I dati del rapporto del ministero del Lavoro sulle dimissioni volontarie convalidate nel 2017 sono drammatici: su 35.000 ben 27.443 sono di lavoratrici madri e le cause dichiarate dalle stesse sono per ben 13.851 per mancanza di conciliazione tempi di vita e di lavoro, altre per i costi del nido, altre perché non hanno l’aiuto dei parenti, altre perché l’azienda non ha concesso flessibilità di orario.
Oggi le donne per poter lavorare fanno i salti mortali e non esiste sicuramente una politica né di sostegno fiscale per le lavoratrici, né welfare che preveda servizi per l’infanzia e per assistenza agli anziani. Questa “scelta” volontaria di poter lavorare fino al 9° mese sarà spesso coatta e faticosissima alla faccia dei diritti costituzionali e del Governo del cambiamento: pur di entrare e rimanere nel mercato del lavoro si accettano condizioni pericolose per se stesse e per il bambino.
Quanto poi al congedo di paternità, istituito dalle legge 92 del 2012, è stato ampliato da 2 a 4 giorni dalla legge di Bilancio 2017. Certo si trattava di una sperimentazione valida solo fino al termine del 2018. È rivolto ai padri lavoratori dipendenti entro il quinto mese di vita del figlio (nato dal primo gennaio 2018), quindi sono giorni che possono coincidere anche con la maternità. A questi quattro giorni se ne può aggiungere un quinto facoltativo, fruibile però solo se la madre rinuncia a un giorno del suo congedo.

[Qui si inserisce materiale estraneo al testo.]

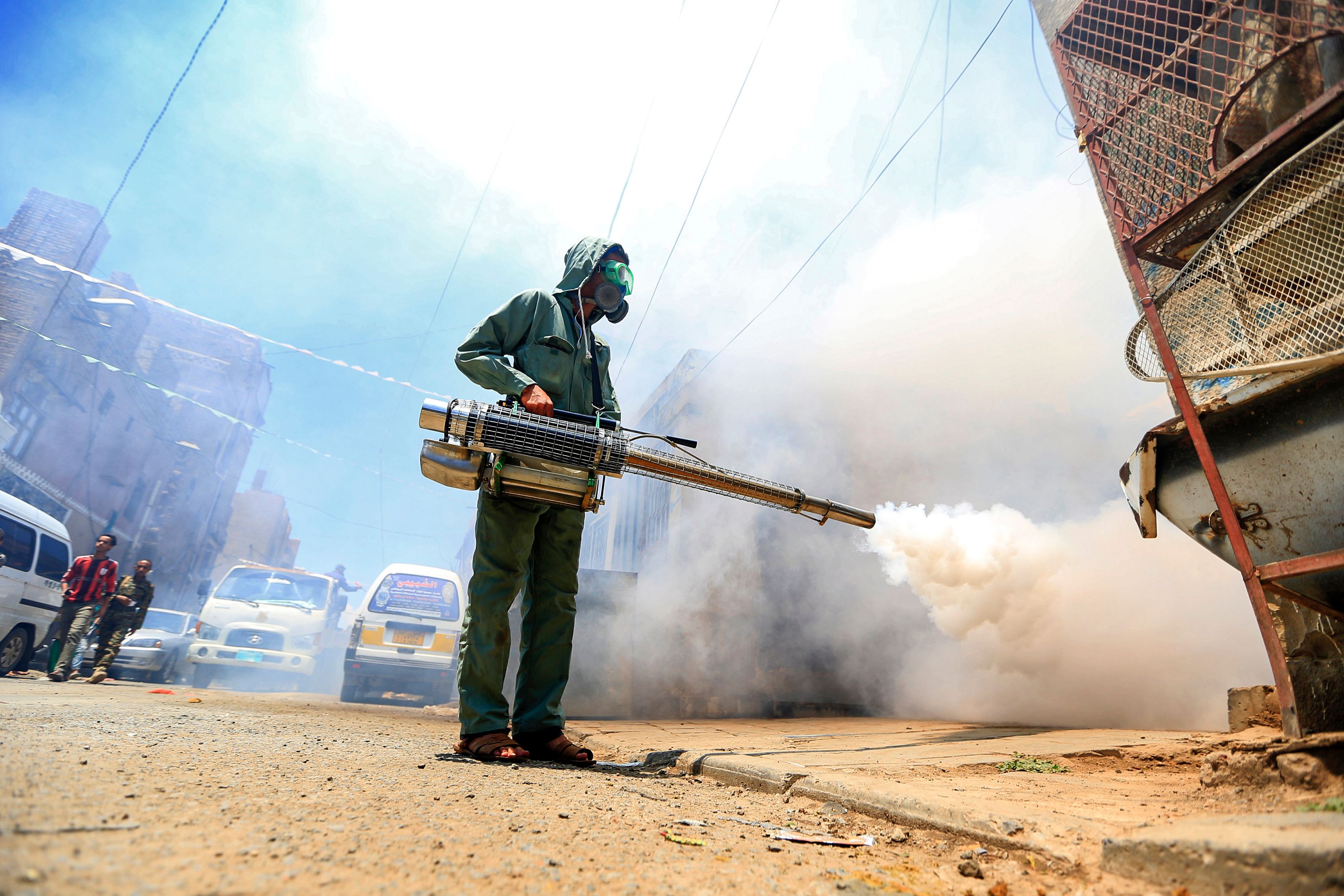 TOPSHOT - A government worker that is part of a combined taskforce tackling COVID-19 coronavirus fumigates a neighbourhood as part of safety precautions, in Yemen's capital Sanaa on March 23, 2020. (Photo by Mohammed HUWAIS / AFP)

Durante il congedo il padre ha diritto al 100% della retribuzione che è a carico dell’Inps. Dunque l’emendamento per passare da 2 a 4 giorni non è una novità e sarebbe solo una proroga al 2019 e continua la discriminazione per cui alla madre è riconosciuto l’80% della retribuzione, mentre al padre il 100%. In più c’è da dire che il congedo di paternità dai dati del Ministero è usato solo dal 20% dei possibili fruitori e probabilmente abbiamo ancora nel nostro Paese un problema culturale paterno rispetto al tempo da dedicare ai figli: non è raro che alcuni dei padri che lo hanno chiesto, soprattutto nelle imprese private, siano stati criticati e ridicolizzati dai colleghi e guardati con insofferenza dal datore di lavoro.

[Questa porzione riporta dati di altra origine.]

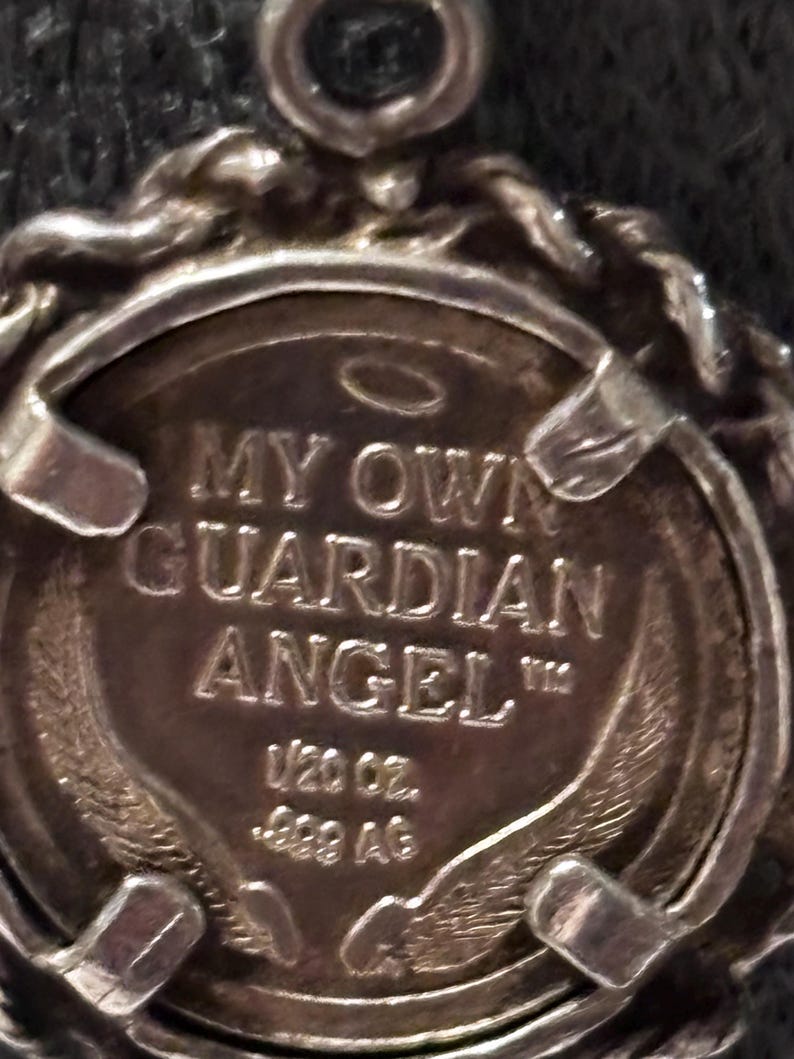 Puede incluir: Un colgante circular de tono plateado con un borde estilo cuerda y un disco central. El disco est&aacute; grabado con el texto MY OWN GUARDIAN ANGEL, un s&iacute;mbolo de halo, las inscripciones 1/20 oz. y .999 AG, junto con im&aacute;genes de alas estilizadas.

Dunque dobbiamo andare molto oltre – per sostenere la genitorialità – ai provvedimenti precari, soprattutto non strutturali come si è ormai abituati: vanno corrette le storture del sistema di aiuti alle coppie con figli che vengono erogati esclusivamente ai genitori con lavoro dipendente e le detrazioni per figli a carico solo a chi è in grado di pagare le tasse ed escludendo dunque le coppie senza lavoro; l’accesso ai nidi non è quasi mai condizionato al reddito che tuttavia si rileva ai fini della retta, e soprattutto la sperequazione è fra il 20% dei piccoli che riescono a entrarci per cui la Pubblica amministrazione versa mediamente 800 euro al mese e chi non ci entra per cui lo Stato non versa nulla. Pochissime poi le scuole per l’infanzia pubbliche, pochissimi i servizi convenzionati per gli anziani e i non autosufficienti.
Sempre dai dati del Ministero, pochissimi poi ancora gli accordi di secondo livello soggetti ad agevolazioni fiscali e contributive previste per la flessibilità aziendale che si coniuga alla produttività. In cattiva sostanza, nessun Governo del cambiamento.